In die perfekte Ordnung eines botanischen Gartens inseriert Christoph Wank ein anderes charakteristisches und gleichermaßen ironisches Element, mit dem er eine neue Zone im vetrauten Kontext definiert. Auch hier ist wieder die spezifische Auseinandersetzung mit dem vorgefundenen Ort zu beobachten. Der Künstler hat dort an verschiedenen Stellen Holzpfähle montiert und an diesen in großer Höhe Trauben von kleinen Vogelhäuschen angebracht. Es dauert ein wenig, bis man die eigenartigen bunten Vogelhausbäume zwischen den belaubten Ulmen entdeckt hat. Bei jeder Entdeckung ist man neu überrascht, wie man auch beim Spaziergang durch den botanischen Garten überrascht ist, eine soeben aufgegangene Blüte entdeckt zu haben. An seltene Pflanzen mit kostbaren Blütenständen erinnern auch die im Sonnenlicht leuchtenden Nistkästen aus transparentem Plexiglas in Rubinrot, Orange, Blau, Grün und milchigem Weiß. Diese Häuschen scheinen für eine schöne und sichere Heimat zu werben – und wären wohl geeignet, Singvögel anzulocken. Der Begriff des Musterhäuschens drängt sich auf. Musterhäuschen sehen so hübsch und niedlich aus – im Prospekt und auch auf der Rasenfläche der neuangelegten Siedlung. Darin zu wohnen, ist dann meist eine andere Sache, und manch einer hat sein blaues Wunder dabei erlebt. Und so drohen auch den Vögeln, die auf den leichtsinnigen Gedanken kommen, sich dort niederzulassen, üble Überraschungen. Abgesehen davon, daß sie sich der andauernden Beobachtung der Spaziergänger gewiß sein dürften, die Hitzeentwicklung in diesen Luxusgebilden ist sicher auch nicht unerheblich. Die Häuschen entpuppen sich als bösartige Angebote – als leere Versprechen. Das Muster, das Exemplum – ein wichtiges Kriterium in jedem wissenschaftlichen botanischen Garten – wird hier befolgt und gleichzeitig so kritisch wie treffsicher hinterfragt; eine gelungene Metapher auch für das Verhältnis von Künstlichkeit und Natürlichkeit, die sich gerade im Park eindrucksvoll vor Augen führt.
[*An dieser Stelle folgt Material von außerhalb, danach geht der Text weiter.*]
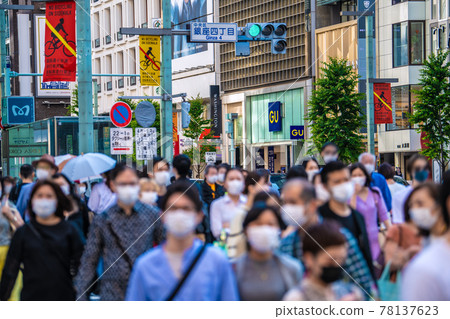 Tokyo cityscape in Japan The number of severely ill people (nationwide) is 1,304, the highest ever. Many people in Ginza ... = May 23 Tokyo cityscape in Japan The number of severely ill people (nationwide) is 1,304, the highest ever. Many people in Ginza ... = May 23 78137623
Ähnlich perfide arbeitet auch die seltsame Blitzanlage, die Christoph Wank an einer Schnellstraße in ländlicher Umgebung installiert hat. Als funktional und ästhetisch ansprechend wird manch einer der Passanten das monumentale, auf zwei Stützen ruhende Marmorgebilde empfinden. Doch Vorsicht: vorbeifahrende Autos oder Radfahrer werden mit Hilfe eines Bewegungsmelders nach dem Zufallsprinzip geblitzt. Jäh wird die ästhetische Betrachtung gestört, der Große Bruder verunsichert das gedankenlose Vorwärtskommen. Erst jetzt erkennt man vielleicht die Ambivalenz des Fröhlich- humorlosen, das der formschönen Installation im Sargformat innewohnt. Der harmlosen Attraktion, die sich auf den zweiten Blick widerspenstiger darstellt als gewollt, folgen Verunsicherung und drohende Bestrafung, die dann aber doch nicht stattfindet, uns aber umso verstörter zurückläßt – als kleine, aber präzise Attacke auf unsere Wahrnehmung.

Zwischen Affirmation und Subversion oszillieren auch die anderen Arbeiten des Künstlers. Ob Christoph Wank auf einem Dorfplatz treuherzig einen Landeplatz für Engel einrichtet oder auf dem Gelände eines römischen Kastells eine komplizierte, nur im Kreislauf operierende und damit ausschließlich selbstbezügliche Wasserleitung mäandern läßt – immer erscheint das Angebot zunächst verlockend und eine Benutzbarkeit durchaus möglich und sinnvoll. Aber sobald man sich anschickt, Funktionalitäten zu überprüfen oder Erwartungen zu entsprechen, ist man dem Künstler – oder vielleicht doch den eigenen Vorstellungen und Maßgaben? – bereits auf den Leim gegangen.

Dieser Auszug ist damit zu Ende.